----- Extracted records
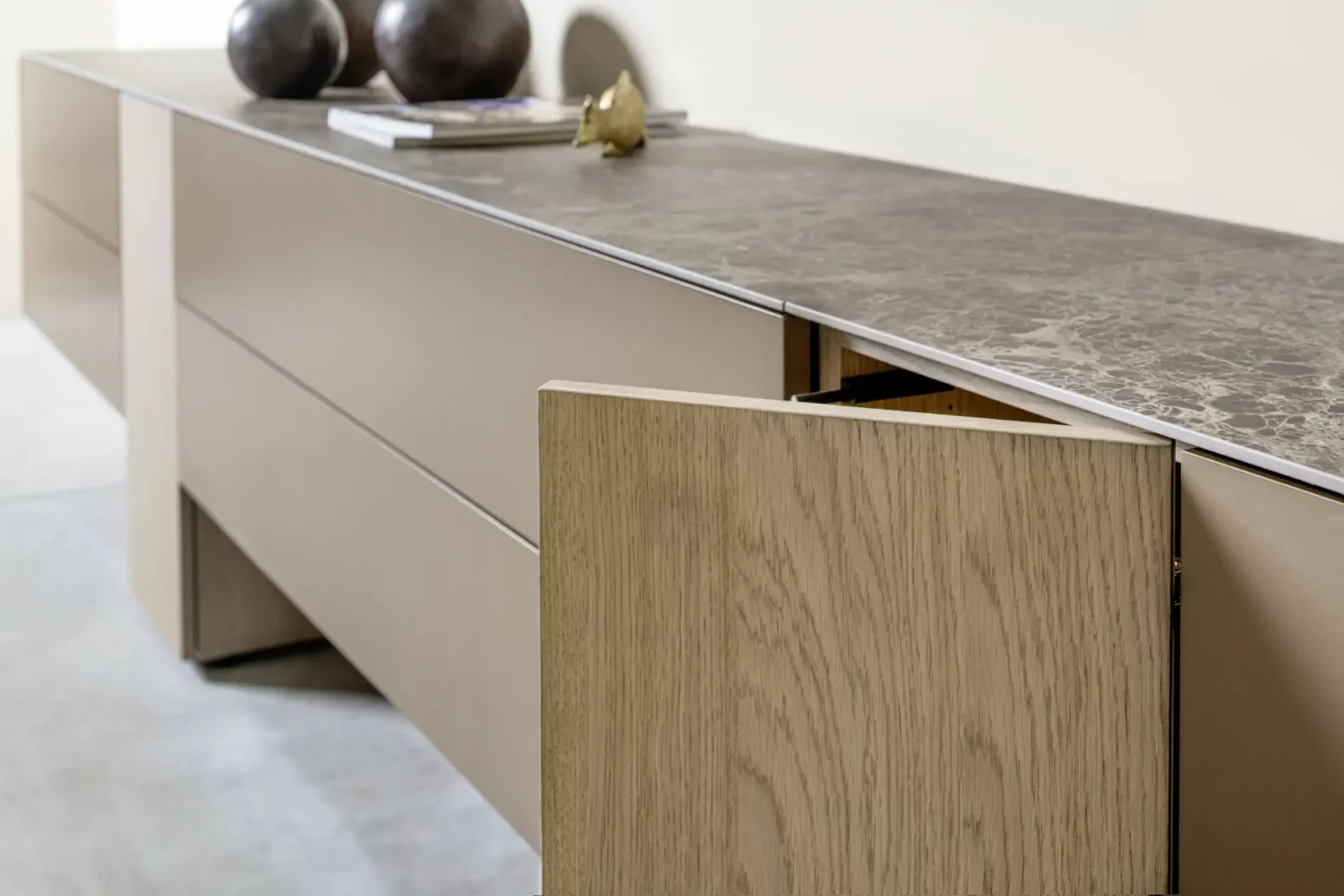 Sideboard Nubo 212 mit Holzfront und Marmoroptik-Oberfläche.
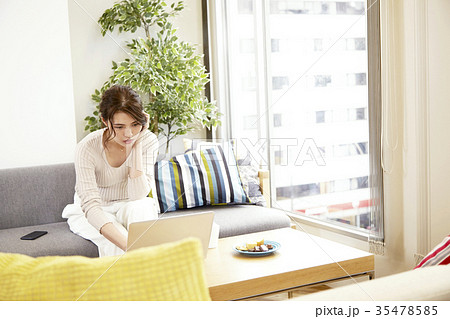 若い女性、日常シーン、在宅ワーク、働き方 若い女性、日常シーン、在宅ワーク、働き方 35478585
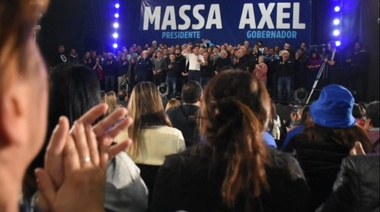 Kicillof ante una multitud en Ensenada: "la derecha nos tiene reservado el cierre del Astillero, la pérdida de puestos de trabajo, otro endeudamiento y la fuga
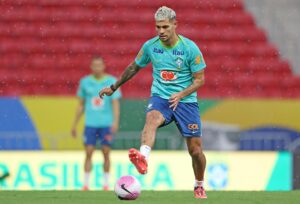 Bruno Guimarães é uma das novidades da Seleção em Brasília - Créditos: Rafael Ribeiro/CBF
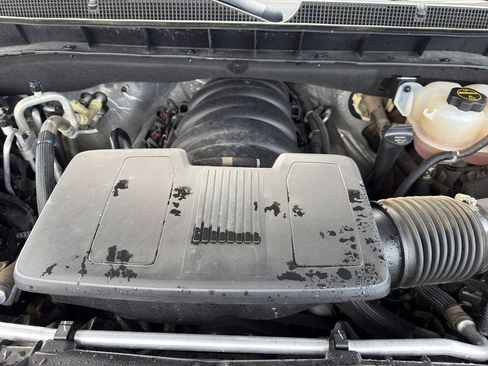 Used 2024 Chevrolet Suburban LT image 38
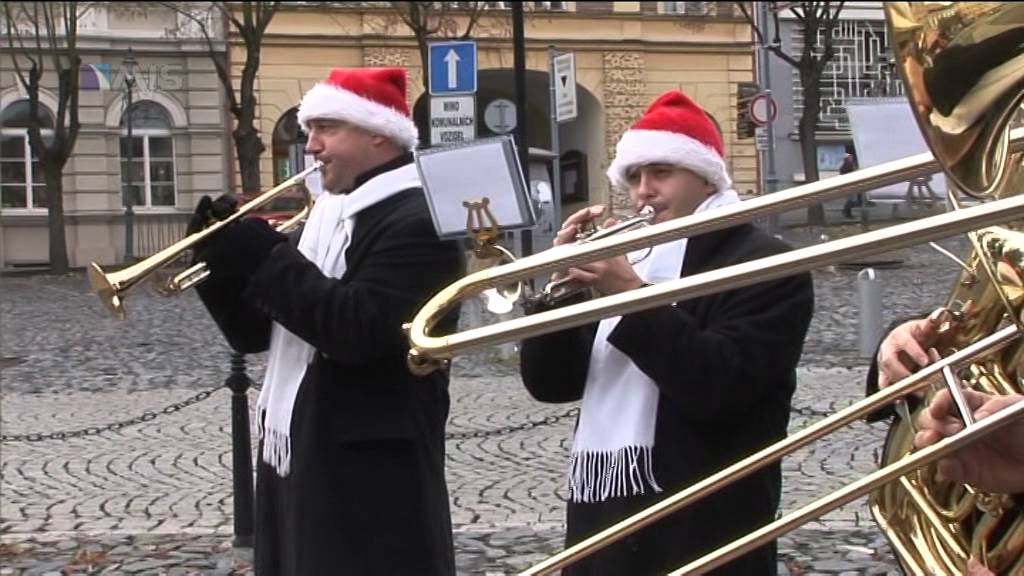 Koledy u stromu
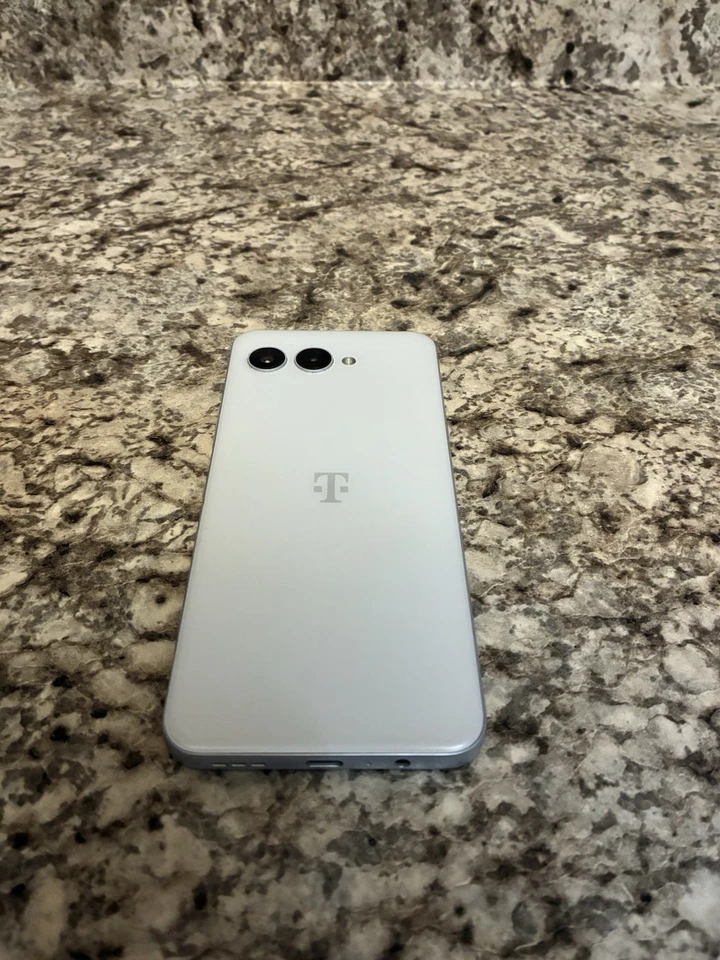 T-Mobile Revel 8 5G Smartphone - Image 2 of 4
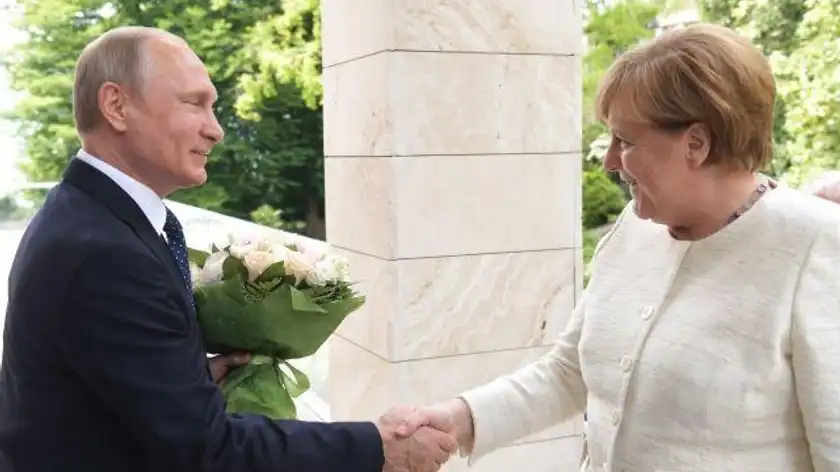 "Довго розмовляли наодинці": зустріч Меркель з Путіним завершилася 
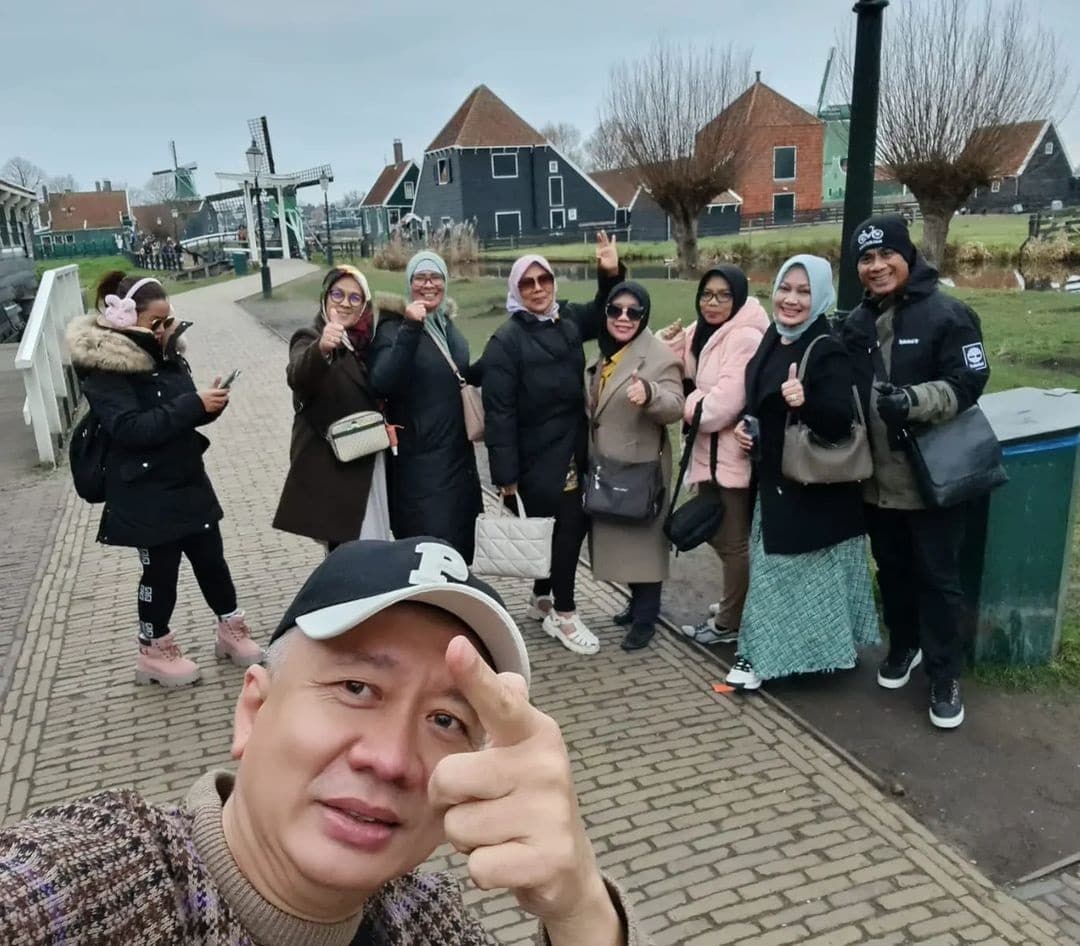 wisata muslim volendam belanda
----------
**To do**
Leaving the pictures aside, transcribe only the lines from the one containing "Used 2024 Chevrolet Suburban LT image 38" to the final line of the listing above, inclusive, exactly as they appear.

**Output of the exercise**
 Used 2024 Chevrolet Suburban LT image 38
 Koledy u stromu
 T-Mobile Revel 8 5G Smartphone - Image 2 of 4
 "Довго розмовляли наодинці": зустріч Меркель з Путіним завершилася 
 wisata muslim volendam belanda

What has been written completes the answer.